| TASK STATEMENT |
Transcribe, word for word, only the lines from the one containing "Cute Mug Ceramic" through the end of the material below. Pictures stay out.
..........
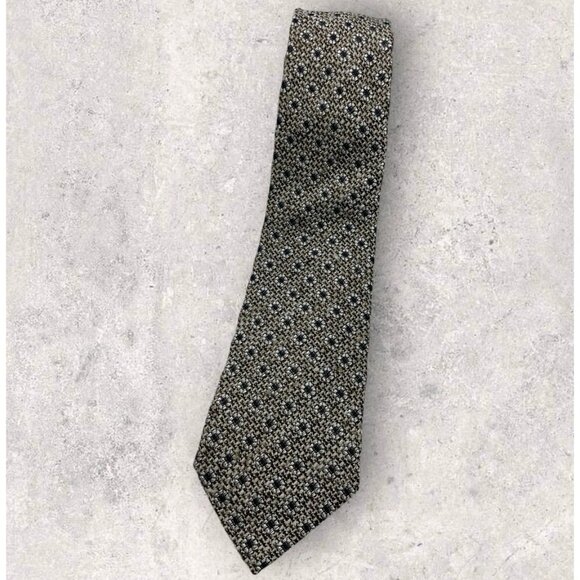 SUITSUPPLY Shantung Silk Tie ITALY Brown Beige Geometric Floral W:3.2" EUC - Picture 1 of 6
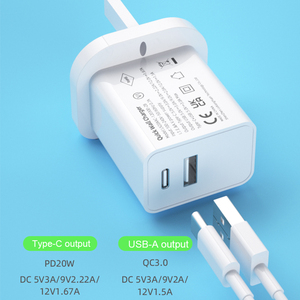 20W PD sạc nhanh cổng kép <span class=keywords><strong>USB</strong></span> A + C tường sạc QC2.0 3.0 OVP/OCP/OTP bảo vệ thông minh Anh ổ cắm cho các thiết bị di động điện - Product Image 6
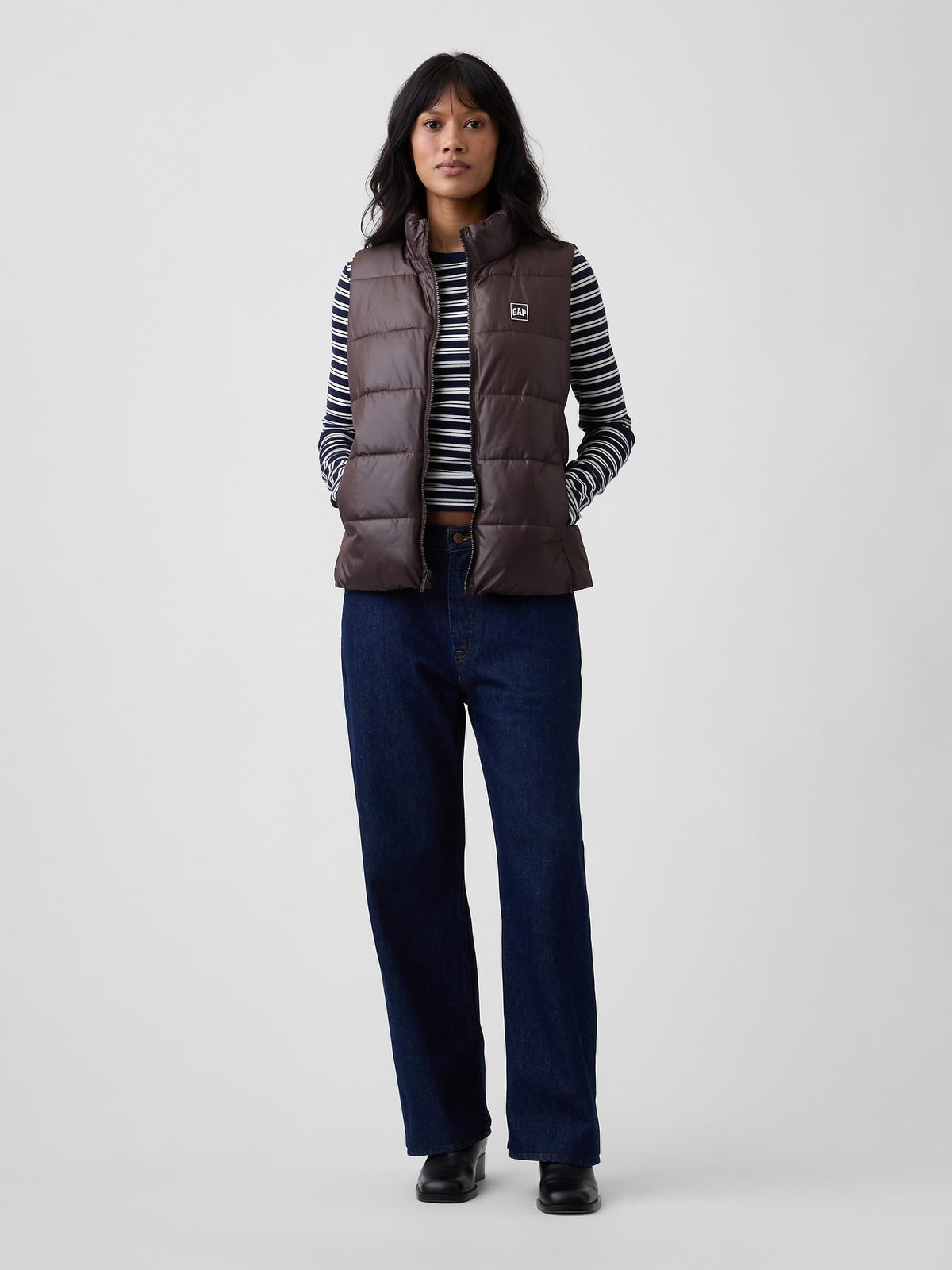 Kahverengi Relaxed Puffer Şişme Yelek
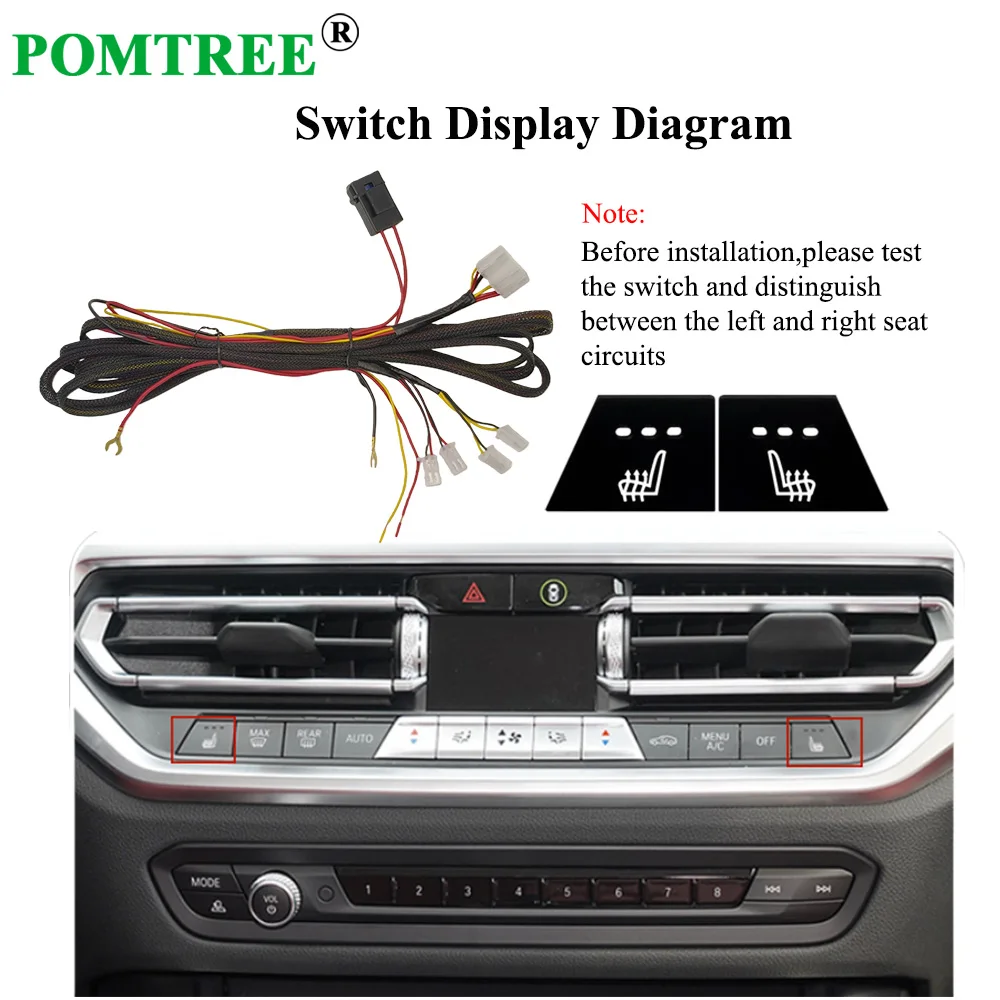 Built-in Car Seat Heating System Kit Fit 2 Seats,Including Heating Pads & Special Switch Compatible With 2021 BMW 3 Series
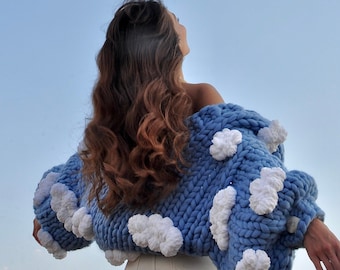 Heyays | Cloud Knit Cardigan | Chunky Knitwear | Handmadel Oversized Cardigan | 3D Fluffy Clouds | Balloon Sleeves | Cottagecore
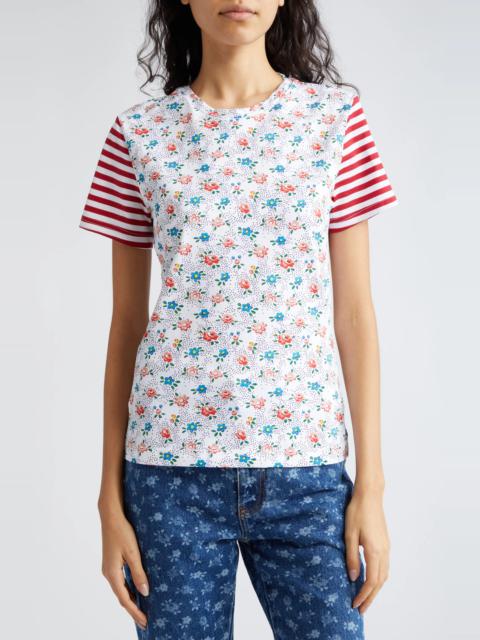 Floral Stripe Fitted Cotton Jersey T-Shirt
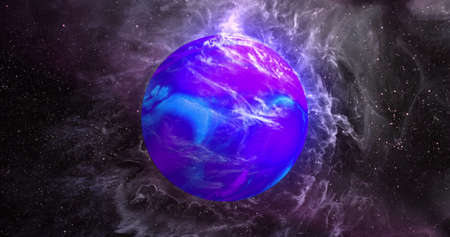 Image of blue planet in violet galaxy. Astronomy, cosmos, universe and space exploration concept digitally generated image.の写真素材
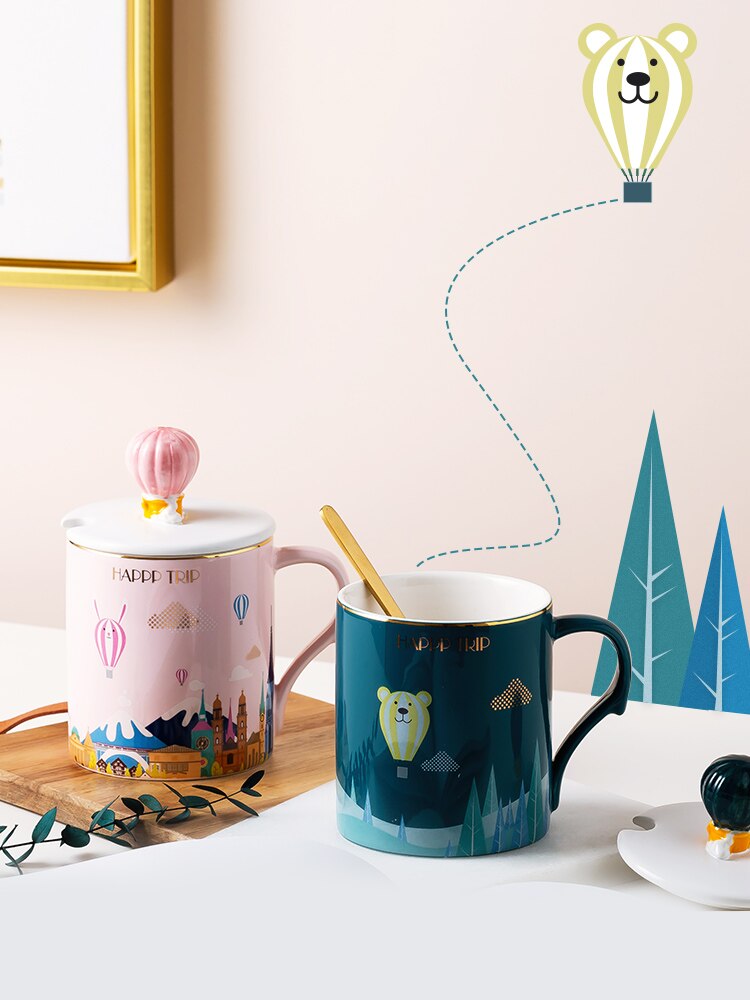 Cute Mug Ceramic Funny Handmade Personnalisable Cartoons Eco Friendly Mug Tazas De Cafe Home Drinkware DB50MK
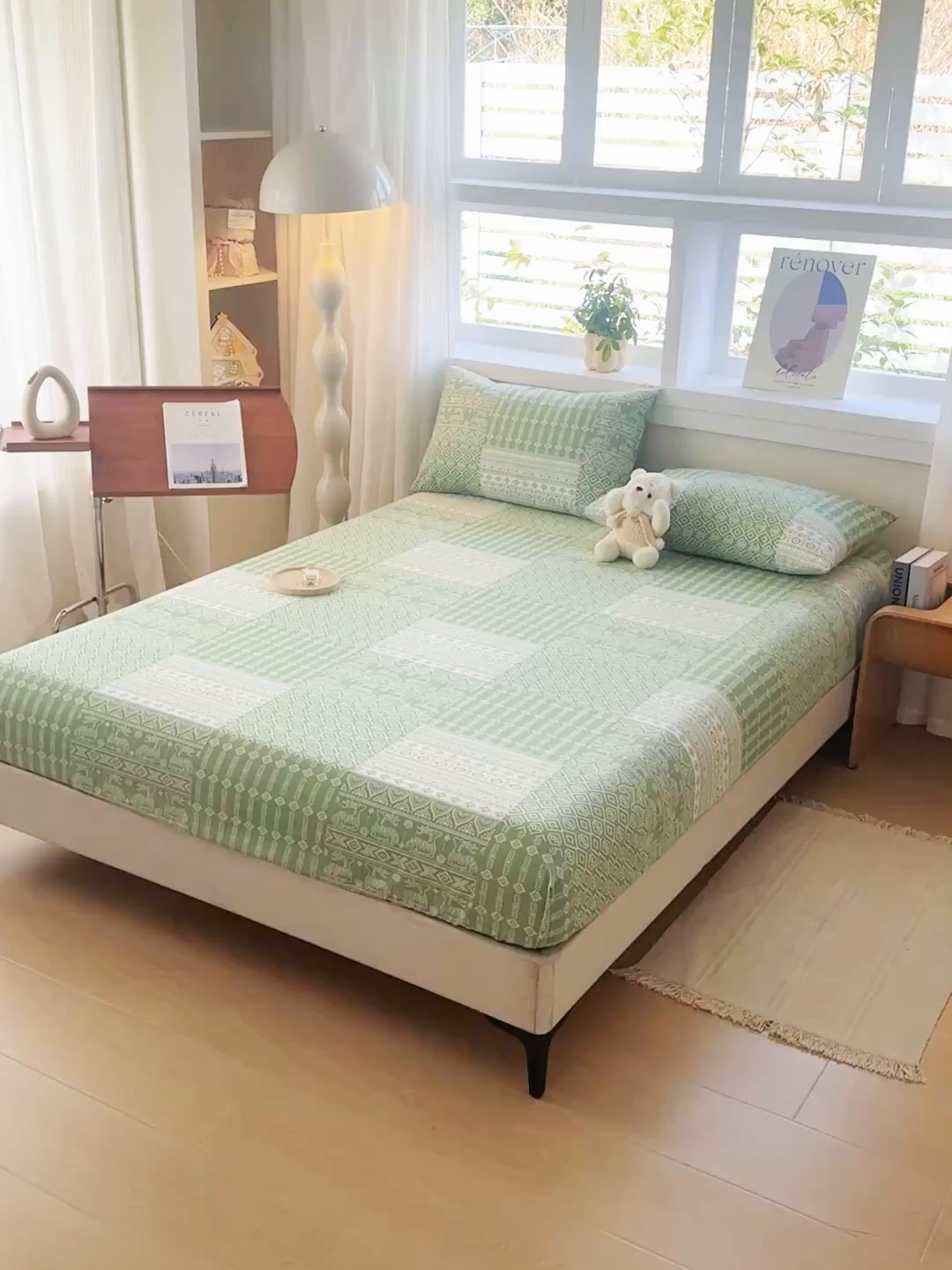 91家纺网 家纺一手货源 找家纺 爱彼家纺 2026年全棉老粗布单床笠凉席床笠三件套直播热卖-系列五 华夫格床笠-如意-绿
..........
| SOLUTION TO THE PROBLEM |
 Cute Mug Ceramic Funny Handmade Personnalisable Cartoons Eco Friendly Mug Tazas De Cafe Home Drinkware DB50MK
 91家纺网 家纺一手货源 找家纺 爱彼家纺 2026年全棉老粗布单床笠凉席床笠三件套直播热卖-系列五 华夫格床笠-如意-绿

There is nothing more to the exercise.